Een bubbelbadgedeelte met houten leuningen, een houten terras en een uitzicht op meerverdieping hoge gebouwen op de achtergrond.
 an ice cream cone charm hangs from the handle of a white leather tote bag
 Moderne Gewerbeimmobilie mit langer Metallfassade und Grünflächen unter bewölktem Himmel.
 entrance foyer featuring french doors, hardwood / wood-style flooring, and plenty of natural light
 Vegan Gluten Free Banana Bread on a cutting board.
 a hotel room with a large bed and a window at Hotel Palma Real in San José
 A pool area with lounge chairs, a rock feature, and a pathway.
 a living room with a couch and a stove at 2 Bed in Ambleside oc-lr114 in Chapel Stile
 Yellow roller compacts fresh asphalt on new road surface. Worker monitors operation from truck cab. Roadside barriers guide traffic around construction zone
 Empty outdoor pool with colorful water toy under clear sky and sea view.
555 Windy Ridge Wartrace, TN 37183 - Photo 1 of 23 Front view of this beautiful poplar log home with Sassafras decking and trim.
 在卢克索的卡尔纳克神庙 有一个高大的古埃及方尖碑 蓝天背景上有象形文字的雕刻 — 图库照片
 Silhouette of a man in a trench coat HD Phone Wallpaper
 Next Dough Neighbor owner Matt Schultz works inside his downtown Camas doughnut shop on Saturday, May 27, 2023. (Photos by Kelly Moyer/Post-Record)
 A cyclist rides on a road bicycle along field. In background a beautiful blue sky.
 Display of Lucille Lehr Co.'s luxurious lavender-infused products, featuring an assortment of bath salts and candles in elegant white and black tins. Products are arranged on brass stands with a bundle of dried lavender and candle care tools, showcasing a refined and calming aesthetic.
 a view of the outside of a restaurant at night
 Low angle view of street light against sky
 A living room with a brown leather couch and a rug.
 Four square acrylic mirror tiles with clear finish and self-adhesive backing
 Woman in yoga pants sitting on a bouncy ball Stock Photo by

^^^^

Give back, exactly as written, the stretch from the line with "a hotel room" through the line with "A cyclist rides", and no other lines from the records above.

 a hotel room with a large bed and a window at Hotel Palma Real in San José
 A pool area with lounge chairs, a rock feature, and a pathway.
 a living room with a couch and a stove at 2 Bed in Ambleside oc-lr114 in Chapel Stile
 Yellow roller compacts fresh asphalt on new road surface. Worker monitors operation from truck cab. Roadside barriers guide traffic around construction zone
 Empty outdoor pool with colorful water toy under clear sky and sea view.
555 Windy Ridge Wartrace, TN 37183 - Photo 1 of 23 Front view of this beautiful poplar log home with Sassafras decking and trim.
 在卢克索的卡尔纳克神庙 有一个高大的古埃及方尖碑 蓝天背景上有象形文字的雕刻 — 图库照片
 Silhouette of a man in a trench coat HD Phone Wallpaper
 Next Dough Neighbor owner Matt Schultz works inside his downtown Camas doughnut shop on Saturday, May 27, 2023. (Photos by Kelly Moyer/Post-Record)
 A cyclist rides on a road bicycle along field. In background a beautiful blue sky.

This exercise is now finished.